US7806737B2ActiveUtilityPatentIndex 77
Stamped beam connector
Est. expiryFeb 4, 2028(~1.6 yrs left)· nominal 20-yr term from priority
Inventors:MARK GREGORY TWALLACE ANDREW MHAN HANNAHWURSTER WALTER WILLIAMGUSTAFSON MICHAEL ALLENLARSEN RUSSELL G
H01R 43/16H01R 13/187Y10T29/49204
77
PatentIndex Score
14
Cited by
76
References
39
Claims
Abstract
An electrical connector includes a first and second array of flexible beams that are overlapped within a hood and that define a substantially cylindrically cavity for receiving a mating connector. Contact areas of each of the flexible beams may be shaped to define multiple contact points, thus increasing the overall area available for current to pass.
Claims
exact text as granted — not AI-modified1. An electrical connector for mating with a mating connector, the electrical connector comprising:
a first array of flexible beams that extend from a base, the first array of flexible beams arranged about a cavity that is configured to receive the mating connector, distal portions of the flexible beams of the first array extending inwardly toward the cavity to define a first set of contact points that provide an electrical connection with the mating connector when received in the cavity; and
a second array of flexible beams that extend from the base, the second array of flexible beams being nested with respect to the first array of flexible beams, distal portions of the second array of flexible beams extending inwardly toward the cavity to define a second set of contact points that provide an electrical connection with the mating connector when received in the cavity.
2. The electrical connector of claim 1 , wherein the base, from which the first and second arrays of flexible beams extend, is a common sheet of material.
3. The electrical connector of claim 2 , wherein the first and second arrays of flexible beams are formed from the common sheet of material.
4. The electrical connector of claim 3 , wherein flexible beams of the first and second arrays are formed from the common sheet of material without removing material from between the beams of the first and second arrays.
5. The electrical connector of claim 1 , wherein contact points of the first set are staggered about the cavity with respect to contact points of the second set.
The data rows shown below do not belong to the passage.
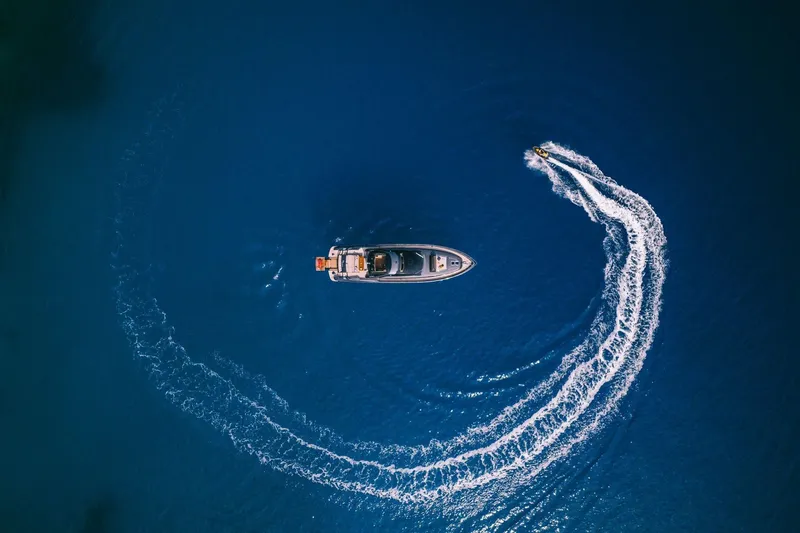 Who Cares Yacht Photos Pics Aerial view of 2006 Riva 68 Ego yacht with jet ski creating wake in blue ocean.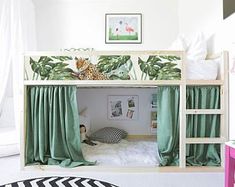 there is a bunk bed with green curtains on it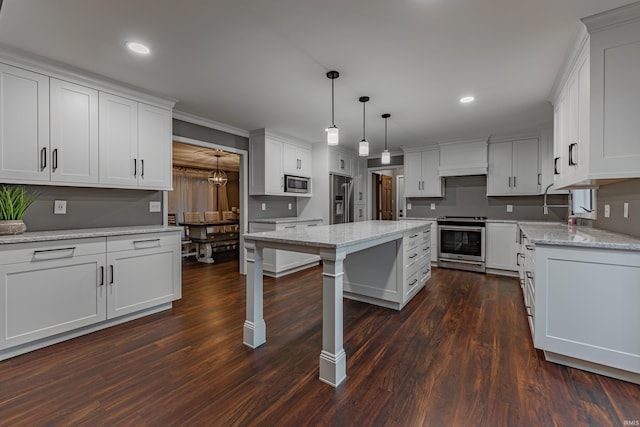 kitchen with white cabinetry, dark hardwood / wood-style flooring, and stainless steel appliances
6. The electrical connector of claim 1 , wherein contact points of the first set are positioned substantially along a circle that lies about the cavity.
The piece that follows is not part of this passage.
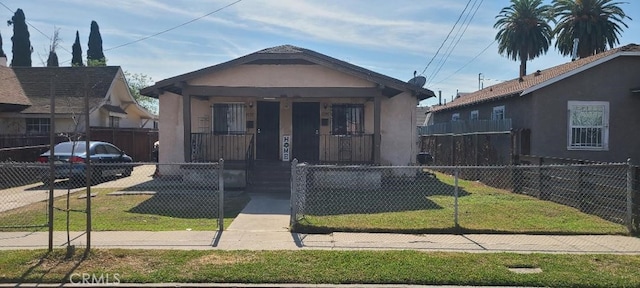 bungalow featuring a fenced front yard, a front yard, and stucco siding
7. The electrical connector of claim 6 , wherein contacts points of the second set are positioned substantially along a circle that lies about the cavity.
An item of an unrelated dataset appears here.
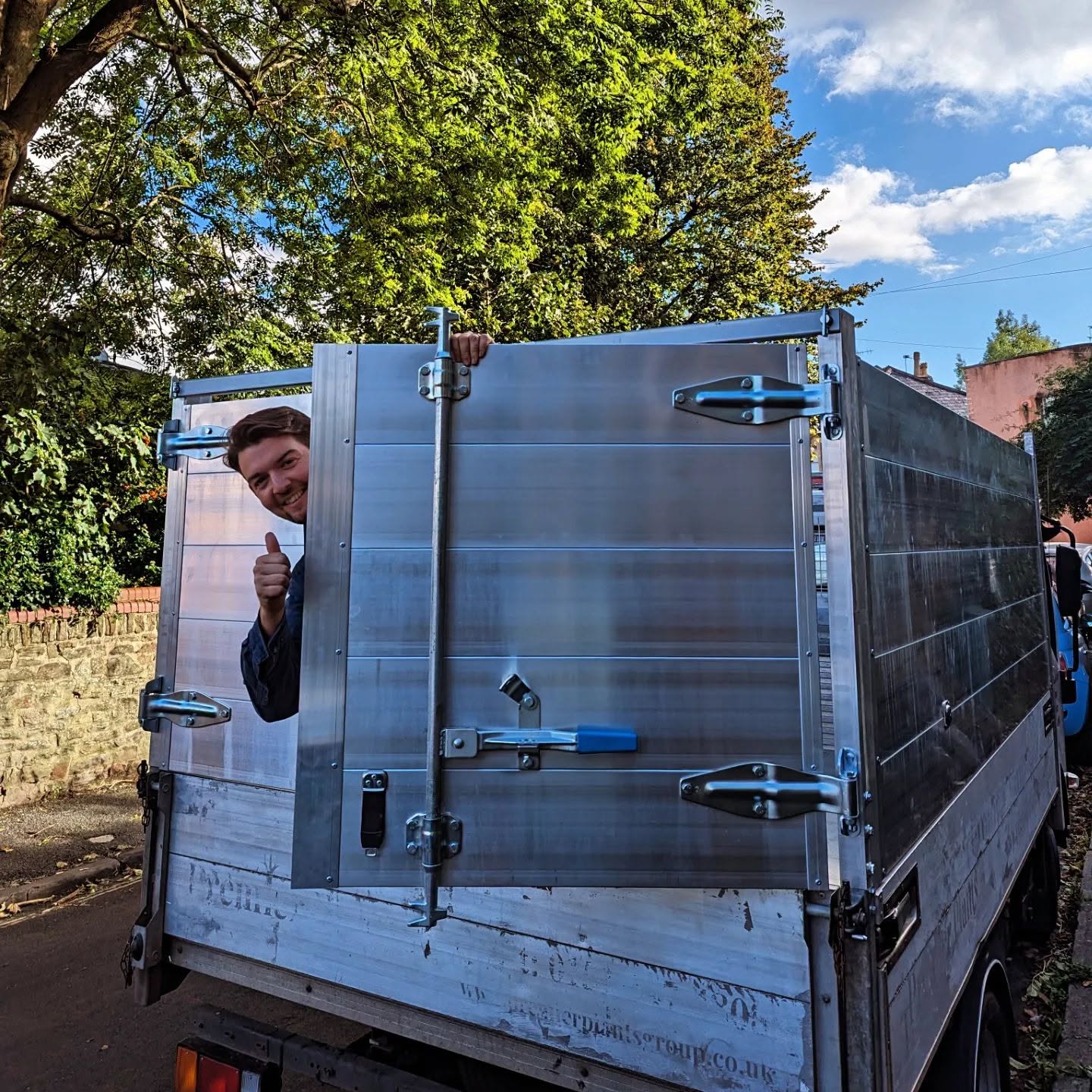 Samuel Duke Tree Services worker with a tree-service vehicle in Bristol.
8. The electrical connector of claim 1 , wherein each flexible beam of the first and second arrays includes a single contact point.
9. The electrical connector of claim 1 , wherein each flexible beam of the first and second arrays has a pair of contact points.
10. The electrical connector of claim 1 , wherein each flexible beam of the first and second arrays is substantially rectangular in cross-section.
11. The electrical connector of claim 1 , further comprising:
a hood in which the first and second arrays of flexible beams are positioned, the hood including a substantially circular hood through which the mating connector is received.
12. The electrical connector of claim 11 , wherein the hood engages flexible beams of the first array to prevent the flexible beams of the first array from extending inwardly into the cavity beyond a set point.
13. The electrical connector of claim 11 , wherein the flexible beams of the first array are pre-loaded against the hood.
14. The electrical connector of claim 1 , wherein the base comprises a first sheet of material from which the first array of flexible beams extend, and a second sheet of material, from which the second array of flexible beams extend.
15. The electrical connector of claim 1 , in combination with the mating connector.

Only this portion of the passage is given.